Source records Block Start

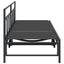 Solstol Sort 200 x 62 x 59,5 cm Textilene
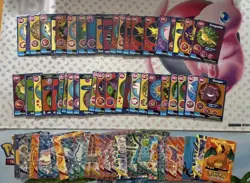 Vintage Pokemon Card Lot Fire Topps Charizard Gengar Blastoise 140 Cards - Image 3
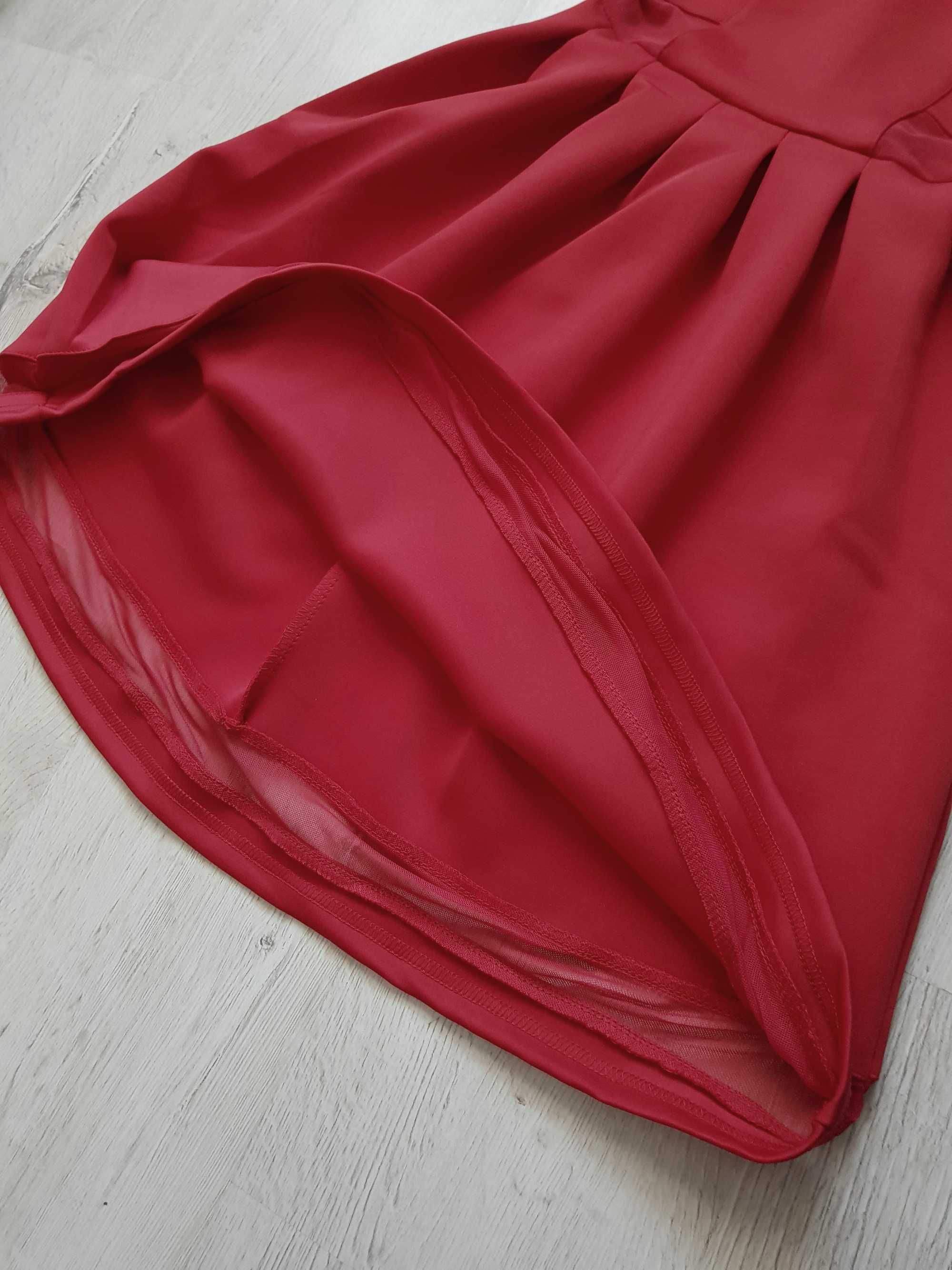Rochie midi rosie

Source records Block End
Source records Block Start

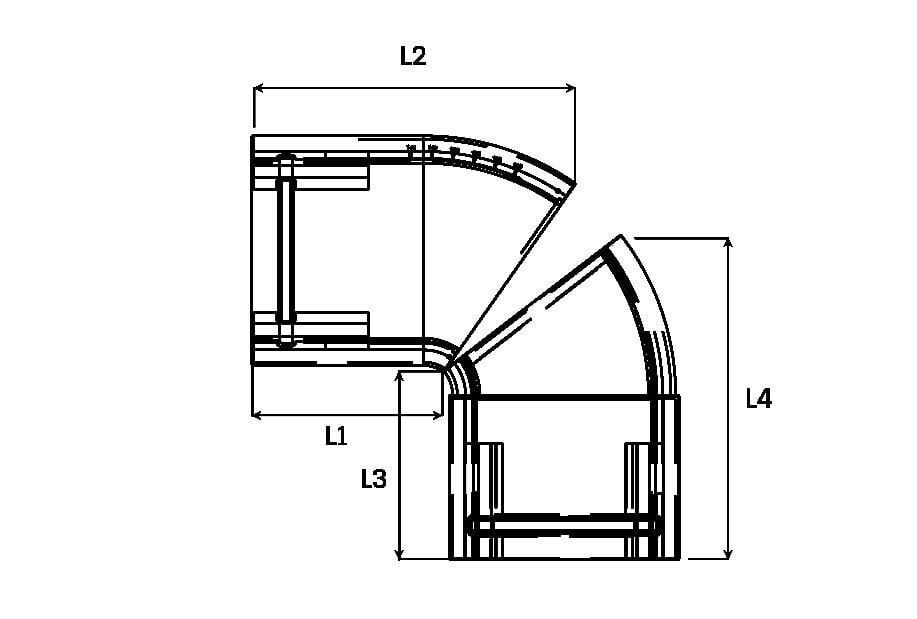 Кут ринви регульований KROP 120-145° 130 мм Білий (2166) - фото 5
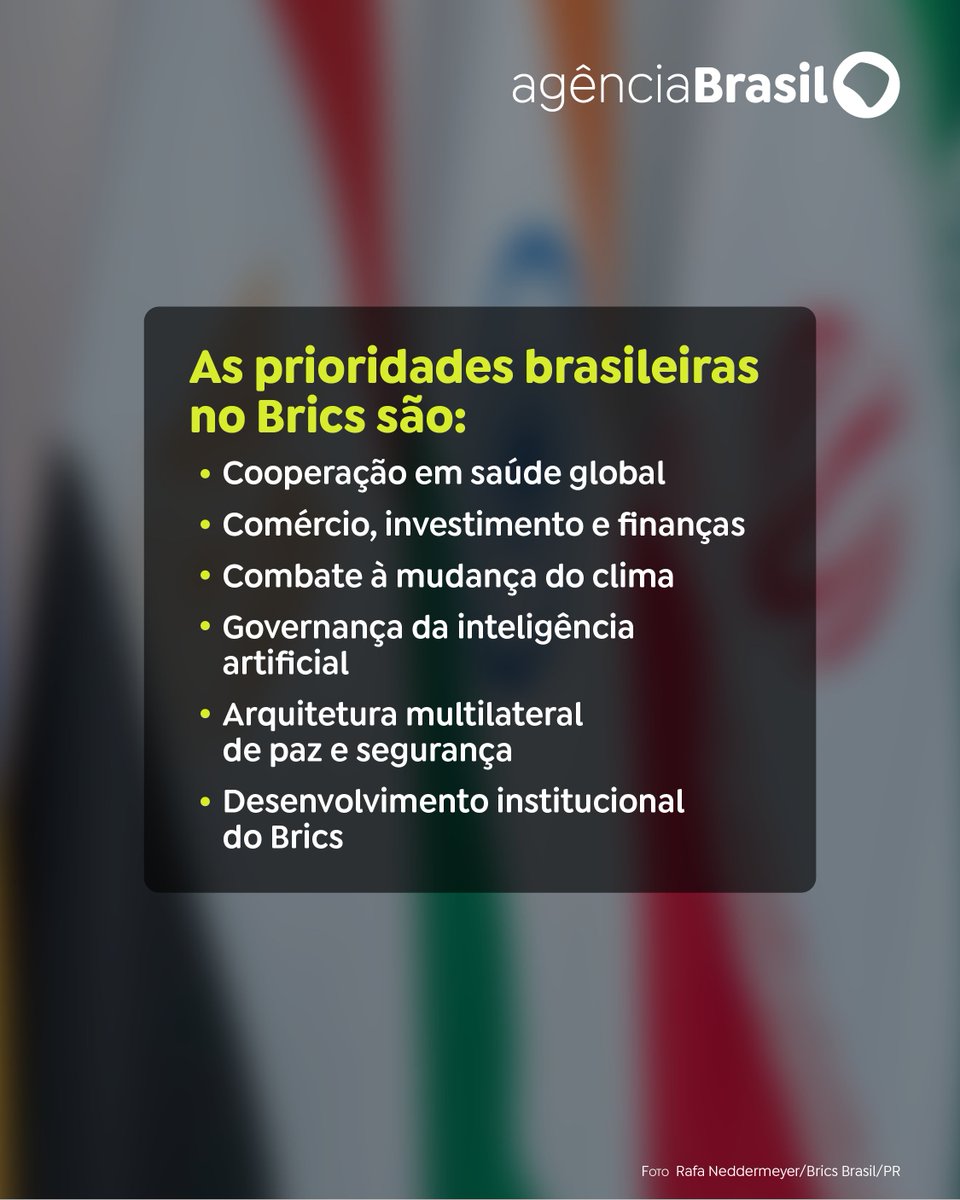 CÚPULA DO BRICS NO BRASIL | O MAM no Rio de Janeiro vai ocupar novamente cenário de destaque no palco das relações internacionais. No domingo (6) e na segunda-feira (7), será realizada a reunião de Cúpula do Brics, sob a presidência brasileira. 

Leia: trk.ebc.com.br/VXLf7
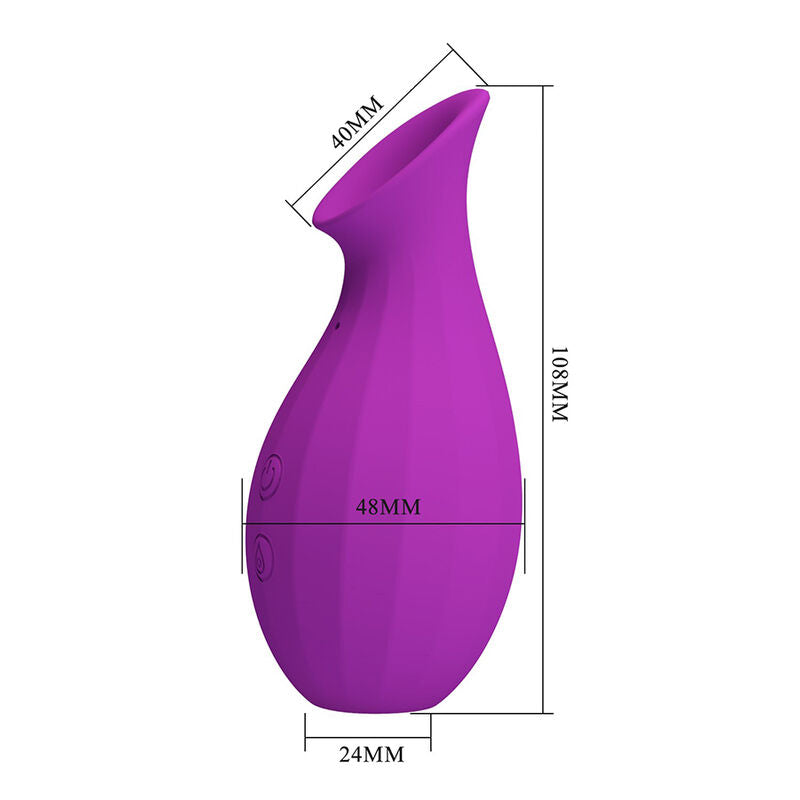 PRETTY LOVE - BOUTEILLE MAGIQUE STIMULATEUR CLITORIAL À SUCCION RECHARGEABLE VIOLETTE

Source records Block End

*Task prompt:* Only the lines above starting with the line with "CÚPULA DO BRICS NO" and going on through the line with "PRETTY LOVE - BOUTEILLE" belong in the answer; repeat them exactly, minus any picture.

*Completed exercise:*
 CÚPULA DO BRICS NO BRASIL | O MAM no Rio de Janeiro vai ocupar novamente cenário de destaque no palco das relações internacionais. No domingo (6) e na segunda-feira (7), será realizada a reunião de Cúpula do Brics, sob a presidência brasileira. 

Leia: trk.ebc.com.br/VXLf7
 PRETTY LOVE - BOUTEILLE MAGIQUE STIMULATEUR CLITORIAL À SUCCION RECHARGEABLE VIOLETTE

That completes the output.